Maka, mulailah Indonesia menjadi pelopor. Dengan usaha sendiri - walaupun terseok-seok - tentara Indonesia berhasil merebut Irian Barat dari Belanda. Kemudian dibangunlah proyek-proyek mercusuar seperti Monas, Jembatan Semanggi, dan Air Mancur Bundaran HI. Mengapa disebut mercusuar? Karena Soekarno melihat Indonesia sebagai mercusuar - sebuah menara tinggi yang memancarkan cahaya, memandu kapal-kapal lainnya agar tidak tersesat dalam kegelapan! Bukan saja bangunan, tetapi juga program-program serupa, seperti Konferensi Asia Afrika, Ganefo, dan lain-lain!

Kalau kita berbicara dengan orang-orang yang hidup di era 1950-an, mereka akan masih ingat, bagaimana imaji dunia internasional terhadap Indonesia pada waktu itu. “Indonesia” kata seorang rekan asal Taiwan, “Dulu jadi pusat perhatian. Jakarta dulu jadi simbol kemajuan Asia!” katanya bersemangat. Ya - kita pernah bisa seperti itu. Monas dan Semanggi dibangun jauh sebelum Shanghai, Seoul, atau Bangkok mulai membangun proyek-proyek seperti itu. Jadi, kita bisa! Bukan hanya Monas, tapi mahakarya bangsa kita seperti Borobudur dan Prambanan - yang tidak kalah dengan Angkot Wat atau Great Wall, menjadi saksi bahwa sebenarnya Indonesia bisa.

Lalu, apa masalahnya? Mengapa kita sekarang kelihatannya sulit untuk maju? Bahkan untuk mempertahankan satu-satunya mahkota kita, kejayaan di olahraga bulutangkis - itu saja begitu sulit. Ya - karena bangsa ini lupa, bagaimana menjadi sempurna!

Dalam masyarakat kita sekarang ini, ada rasa pesimisme yang begitu besarnya. Rasa pesimisme ini begitu besarnya, sampai-sampai menjadi penghalang utama kemajuan bangsa kita. Bahkan hutang IMF yang dulu rasanya menggunung itu, kini telah lunas. Tapi, rasa pesimisme sebagai akibat dari eforia reformasi, masih belum sirna juga. Rasa inilah yang membuat kita menjadi bangsa gampangan - maunya yang gampang-gampang saja. Susah sedikit saja, maka proyek-proyek ini menjadi terbengkalai karena dicap sebagai ‚terlalu susah’. Lihat saja proyek jalan tol - dimana-mana nampak palang-palang beton yang berkarat tak terurus, sebagai simbol kemandekan kita. Padahal, di negara-negara seperti Cina, jalanan dibuat dalam hitungan hari saja. Di Indonesia, sudah bertahun-tahun, rugi pula!

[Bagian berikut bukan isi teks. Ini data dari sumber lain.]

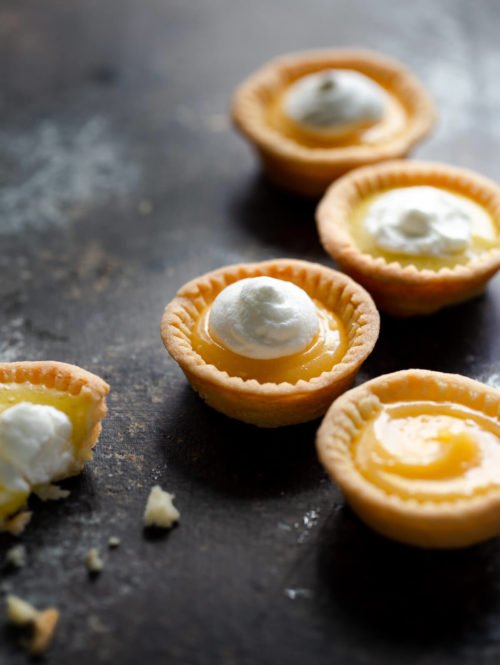 Close-up of several lemon tartlets topped with whipped cream on a tabletop.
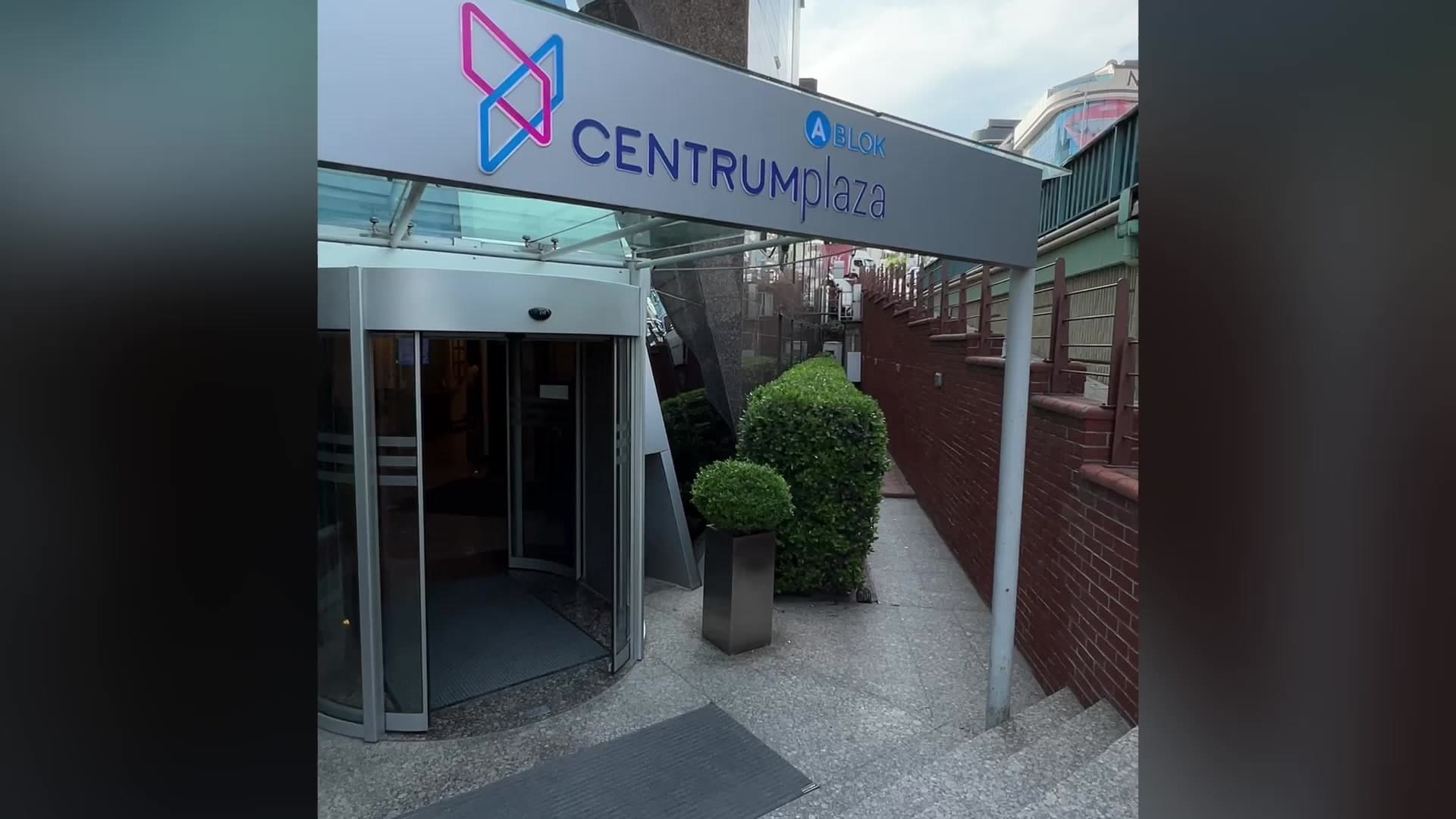 Exterior entrance of Centrum Plaza building with revolving glass door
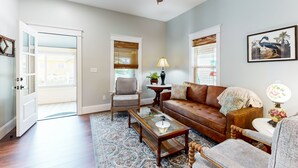 A living room with a brown leather sofa, a glass coffee table, a wooden chair, and a ceiling fan. - Classy Cottage With a Washer/dryer, Central AC, & Fast Wifi - Near Beaches (St. Augustine)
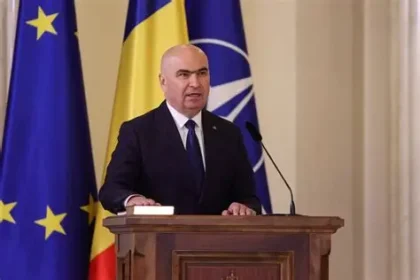 Romanian MPs vote to oust Prime Minister Ilie Bolojan in Parliament chamber during no-confidence motion.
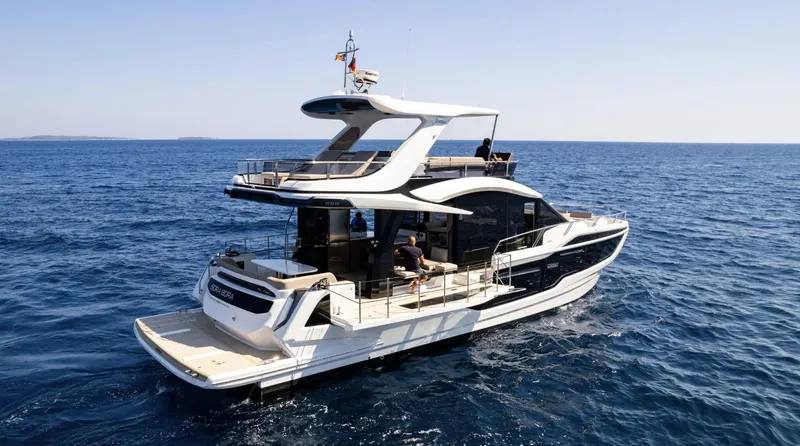 Slide: The Image of 2024 Galeon 560 Fly luxury yacht cruising on open water. - 2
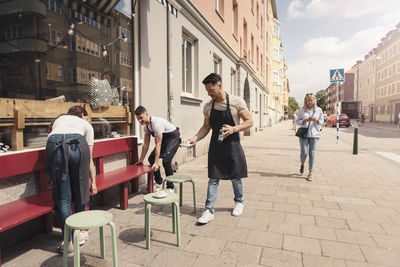 Female and male coworkers arranging bench outside cafe on sunny day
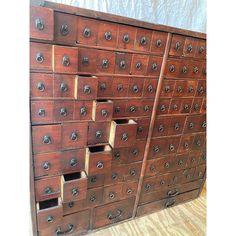 an old wooden dresser with many drawers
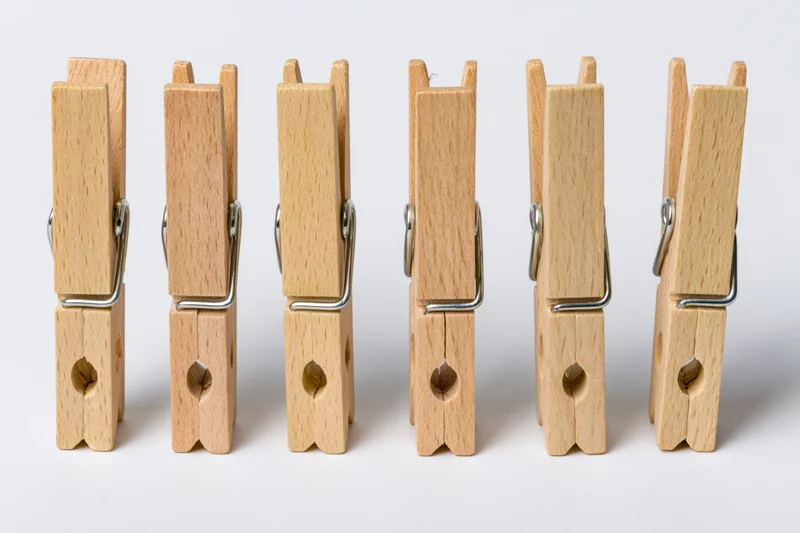 Six wooden clothespins standing upright in a row on a white surface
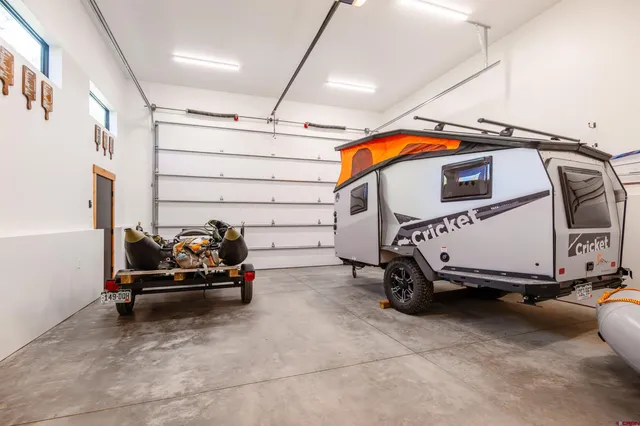 a blue and white car parked in garage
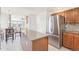 Modern kitchen features stainless steel refrigerator, granite counters, kitchen island, and tile floors at 11035 W Grand Pl, Littleton, CO 80127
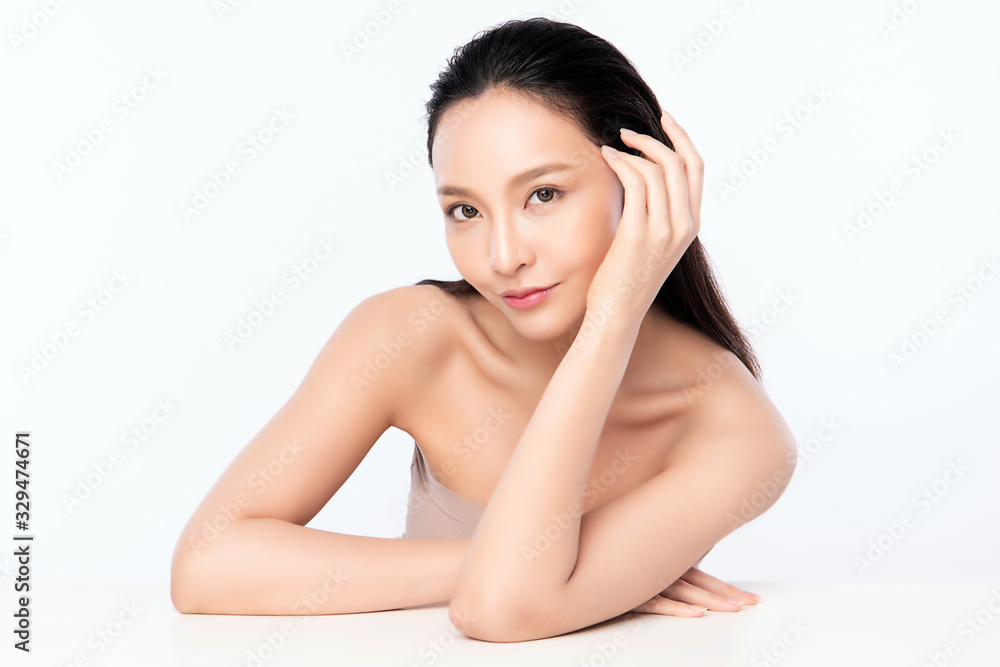 Beautiful Young Asian Woman with Clean Fresh Skin. Face care, Facial treatment, Cosmetology, beauty and healthy skin and cosmetic concept .woman beauty skin isolated on white background Beautiful Young Asian Woman with Clean Fresh Skin. Face care, Facial treatment, Cosmetology, beauty and healthy skin and cosmetic concept .woman beauty skin isolated on white background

Kita sudah lupa bagaimana caranya menjadi sempurna. Toleransi kita begitu besarnya, sampai-sampai orang yang masih berjuang menjadi sempurna sering dianggap ‘gila’. Bagaimana masyarakat umum menilai Ugo Untoro, Garin Nugroho, atau Ayu Utami? Dibandingkan dengan sinetron asal jadi, atau bintang film asal cantik? Bahkan ketika sebuah bank ingin mengedepankan bulutangkis, bukan atlit sungguhan, melainkan bintang sinetron yang jadi simbolnya! Nah, itulah sebabnya. Kita menjadi cepat puas, dan lupa mengejar kesempurnaan. Padahal, strive for perfection - atau kesungguhan mengejar kesempurnaan, adalah kunci kesuksesan sebuah bangsa - bahkan sekecil Singapura sekalipun.

Usaha ini tidak mudah, karena masyarakat sudah terlanjur diserbu oleh semua yang serba instan. Namun, masih belum terlambat! Media harus mengedepankan kisah-kisah orang yang mengejar kesempurnaan sebagai teladan - dari peraih Kalpataru, sampai juara Olimpiade Matematika. Mereka harus menghiasi halaman depan, bukan di paling belakang atau terselip di pojok kecil. Film, mengundang peranan besar. Buktinya, film Laskar Pelangi - yang mengisahkan tentang mengejar kesempurnaan - bisa laku keras! Namun, masih terlalu sedikit genre film seperti itu. Bangsa Amerika adalah contoh bagaimana industri film bisa memupuk nasionalisme dan kebanggaan sebagai bangsa Amerika. Perlu kerja sama antara pemerintah dan masyarakat seni, namun hal ini bisa dicapai. Kalau Anda berpikir usaha ini mustahil, mungkin Anda juga dirasuki pikiran ‚asal gampang’. Mari kita raih kesempurnaan dalam mengajar masyarakat tentang arti mengejar kesempurnaan!